_Exercise directions:_ Write out the records that follow exactly. Do not include pictures.

===== Material for this exercise

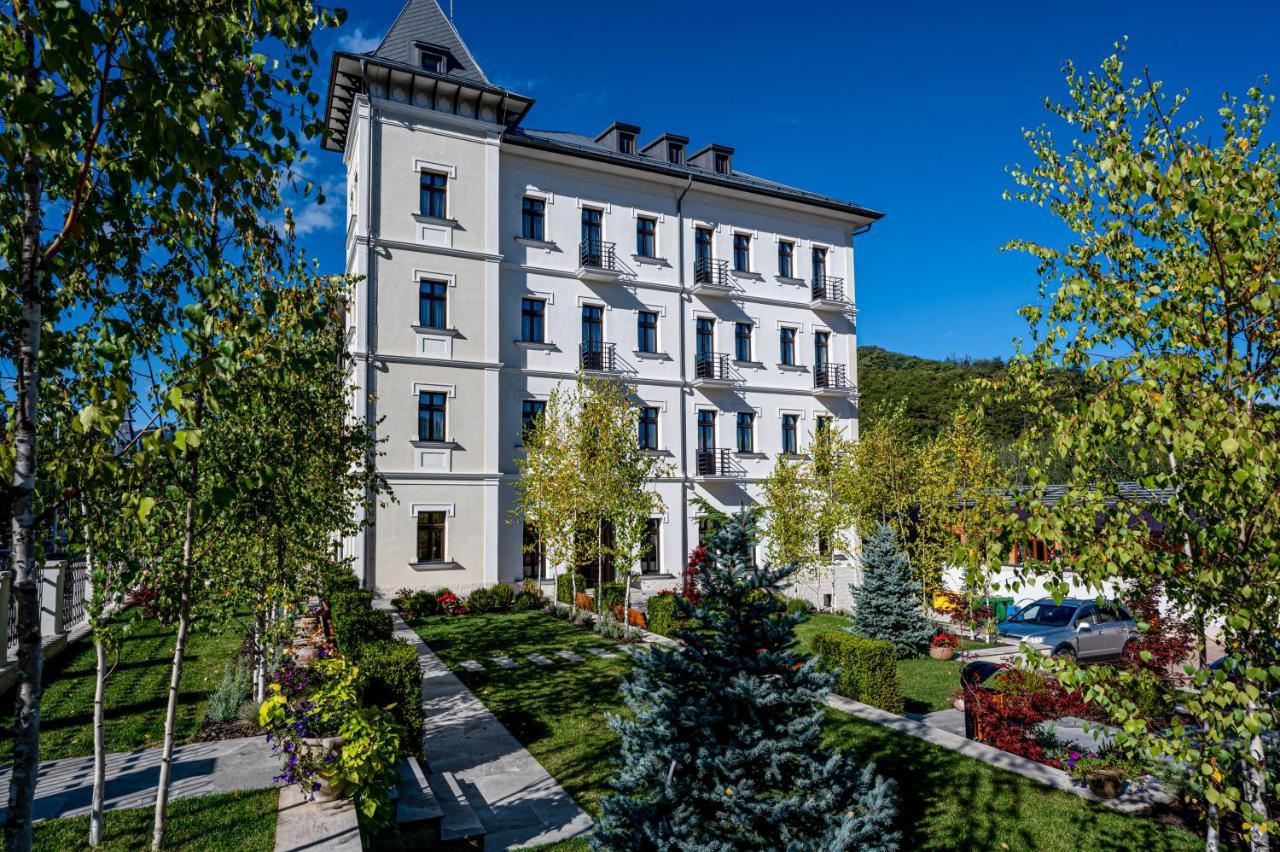 Hotel Carolin Келіменешті Екстер'єр фото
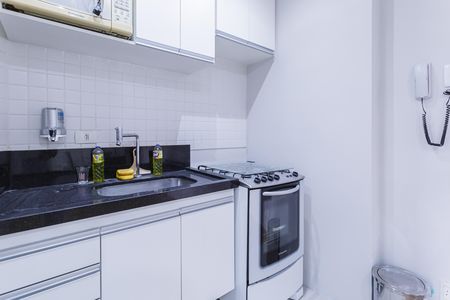 Cozinha de apartamento para alugar com 1 quarto, 48m² em Itaim Bibi, São Paulo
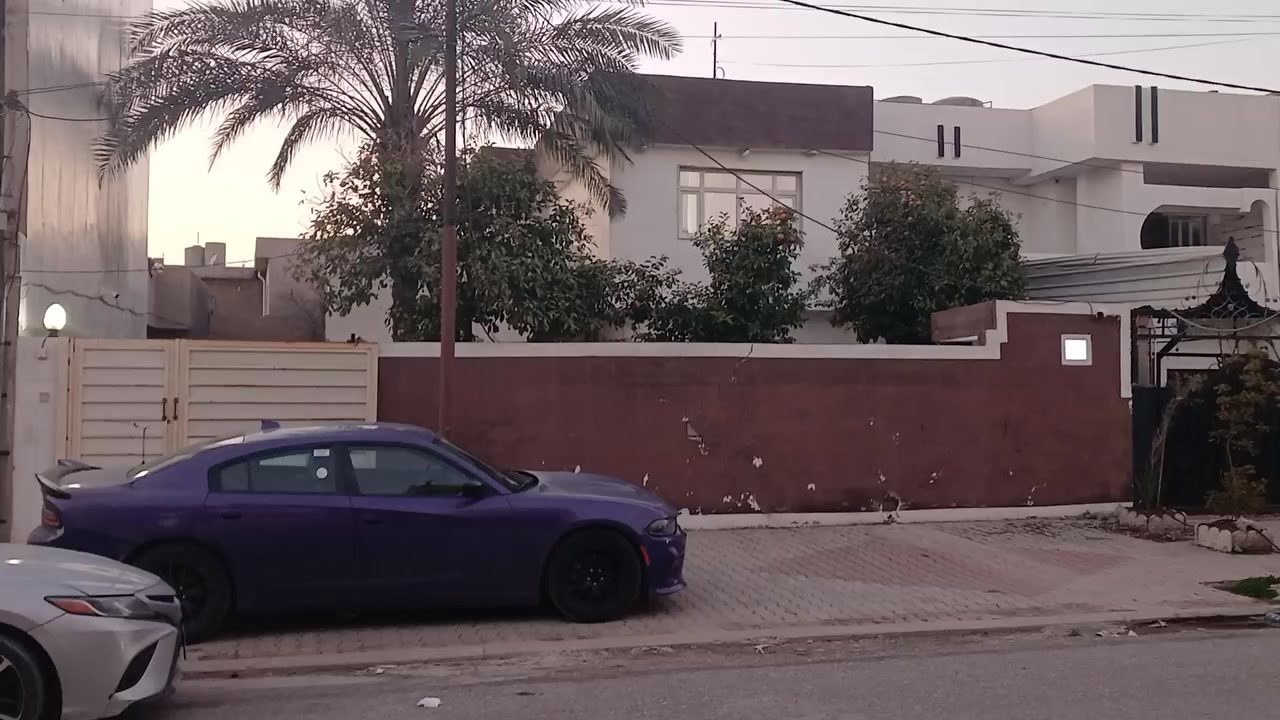 بيت ٣٢٥متر طابو صرف 

شارع ٢٠ متر 

واسطي قرب الرعايه 

السعر ٣٠٠ مليون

==========

_Completed task:_
 Hotel Carolin Келіменешті Екстер'єр фото
 Cozinha de apartamento para alugar com 1 quarto, 48m² em Itaim Bibi, São Paulo
 بيت ٣٢٥متر طابو صرف 

شارع ٢٠ متر 

واسطي قرب الرعايه 

السعر ٣٠٠ مليون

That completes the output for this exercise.